Гид засмеялся — он был явно доволен тем, что находится сейчас здесь.
— Вон за той бухтой вы еще можете видеть кессоны — это остатки причала Мэлберри II: он был установлен восемнадцатого июня тысяча девятьсот сорок четвертого года… Построили его за двенадцать дней…
Молодая женщина все еще смотрела на Абеля. Он представлялся ей высоким, значительно больше метра семидесяти сантиметров, а метр семьдесят — это во Франции считается хорошим ростом для мужчины, но стройным он не казался — напротив, он выглядел приземистым. Расстояние между его грудной костью и спинным хребтом было на вид такое же, как между плечами. Плечи почти неподвижно возвышались чуть ли не на уровне макушки. Было в этом что-то от животного, что-то пугающее. Великолепный хищник! Она затрепетала как горлинка. Канадец повернулся лицом к ней. Но он не задержал на ней взгляда. Геракл Бурделля, но только без локонов! Да у этого Геркулеса совсем нет волос! Правильной формы лоб, красиво очерченный, но широковатый, лысая круглая блестящая голова, энергичный нос, плотно сжатые губы, тяжелый подбородок. Бурделль? Да. Вернее, что-то от примитивных скульптур, от гранитных голов сайтов.
Женщину всю передернуло. Ей шепнул на ухо неприятный голос:
— Когда волос только на голове нет, это еще полбеды… Верно, Малютка?
Лицо молодой женщины, за секунду перед тем такое нежное, внезапно захлопнулось.

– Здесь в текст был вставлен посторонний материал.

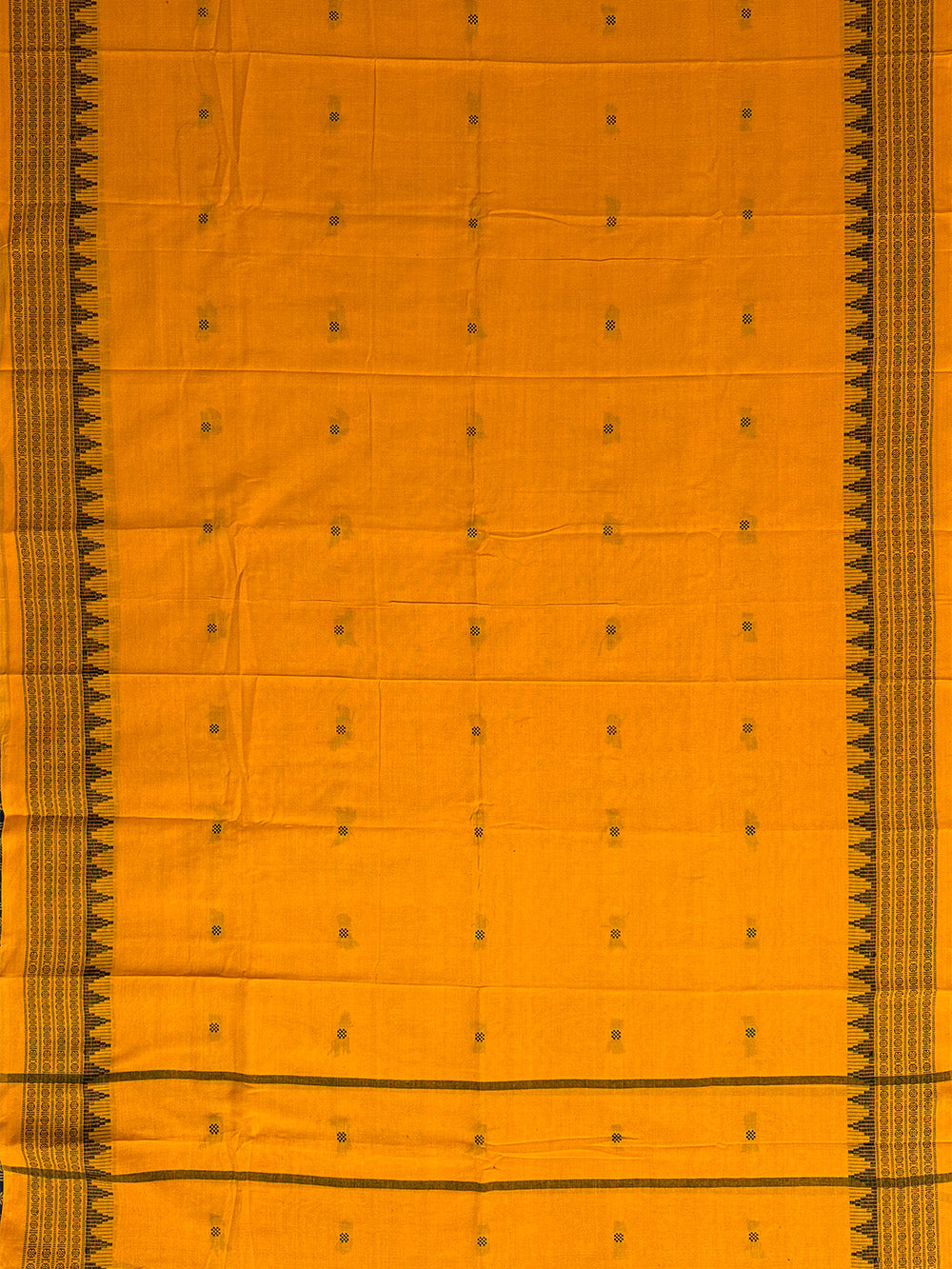 Blue and Yellow Nuapatna Handloom Cotton Dress Material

Абель поднимался по лестнице. Прямо перед собой он видел болезненно-хрупкое туловище и очаровательный выгиб зада под легкой тканью, разрисованной парусниками. На ногах с округлым подъемом были плотно облегавшие их чулки без швов и остроносые туфельки на шпильках. Абель вернулся к действительности!
Хрипло заиграл военный оркестр. Экран заполнил круглолицый Черчилль с сигарой во рту. В документальном фильме Арроманш представал таким, каким он остался в памяти канадца, неизмеримо более подлинный, чем нынешний кокетливый городок. В 1944 году Арроманш походил на ослиную челюсть, вымытую дождями. Но история влекла за собой, победа захватывала в свои лапы этих пионеров, разматывавших клубок дороги в затопленных землях…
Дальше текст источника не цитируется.